Dicevo che l'amore si manifesta come negazione della sua propria natura di desiderio, come miraggio di possesso, come sfida disperata alla minaccia del lutto. Non mi sfugge che l'istinto, il bisogno, lo stimolo-risposta sono tutte cose vere e, se dio vuole, ci affratellano agli animali; esse hanno uno spazio e un ruolo nell'amore e ci danno la porzione di piacere che l'amore ci dà; ma l'uomo - lo sappiamo - è centauro: dalla cintola in su sta nella storia e nella cultura, cioè nel luogo in cui il desiderio (come rimpianto e nostalgia non riconosciuti) si costituisce, nel luogo in cui incombe sempre il pericolo di essere ammutoliti dal lutto.

Ho sempre pensato che chi cerca nel mito, trova sé stesso, parti di sé. Non è poco. I1 mito è un paniere generoso (come certe dolcissime cortigiane delle fiabe): prende con generosità e restituisce con prodigalità: se lo si adopera come un paniere, se non si cerca di farne un oggetto, una cosa, piena, compatta, già piena prima che la pensiamo e l'interroghiamo. Perché questa è la morte del mito, la sua sterilità. Sappiamo bene che non esiste la verità del mito, cosí come non esiste la sua versione autentica e genuina. C'era bisogno che il padre dell'antropologia strutturale ci ricordasse che un mito è l'insieme delle sue versioni e che già il parlare di un mito è darne un'ennesima versione? Ogni interpretazione di un mito è una sua nuova versione, un altro strato che s'aggiunge. Perché il mito, al pari della realtà, è come una cipolla: non ha nocciolo. Con buona pace di chi s'ostina a ricercare il «nucleo originario» del mito o a separare le versioni «autentiche» da quelle «spurie», «tarde». Come se il mito fosse un testo, scritto molti millenni addietro, e poi travagliato, alterato, sfigurato, dalle omissioni, dalle interpolazioni, dalle aggiunte «arbitrarie», dall'imperizia o dalla presunzione di noi, cattivi amanuensi.

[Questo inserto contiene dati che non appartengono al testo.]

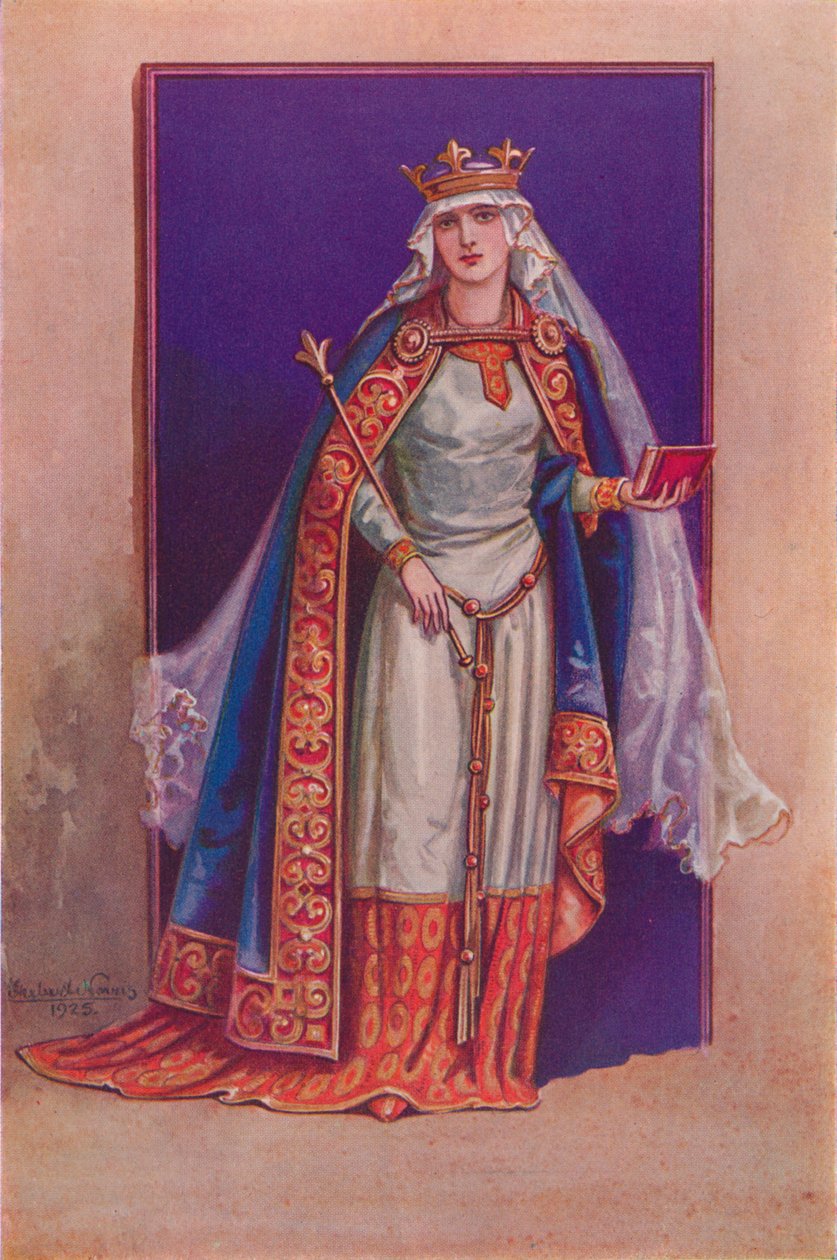 Mathilde van Vlaanderen, ca. 1925 door Herbert Norris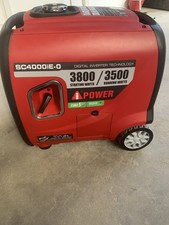 generatore di corrente modello SC4000IE-0 inverter 3,5 E-START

Eccomi dunque a proporre alcune riflessioni sul mito di Elena che non intendono né svelarne un'immaginaria «verità» (che non sta da nessuna parte) né apprestarne una rielaborazione coerente. Riflessioni incoerenti, dunque, anche contradittorie (e magari conflittuali: il conflitto è in chi le fa, come potrebbe non essere presente nelle sue riflessioni?). Se si preferisce, ma è un po' stucchevole, le chiamerò libere associazioni.
Il paniere mitico che mi piace scegliere è l'Odissea; in particolare, il IV libro, dove si narra della visita fatta a Menelao da Telemaco in compagnia di Pisistrato. Il quadretto è quasi commovente. La figlia di Zeus e di Leda è ritornata a casa, pentita (sembra), e un focolare distrutto è stato ricostituito, con generale soddisfazione.
Il male è stato vinto; l'istituzione «civile» della famiglia ha trionfato sugli smarrimenti della passione illegittima, insensata, rovinosa. C'è tutta la materia per un romanzo educativo, destinato alle signorine di buona famiglia della media borghesia (di una volta). Ma, per fortuna, Omero non è Delly.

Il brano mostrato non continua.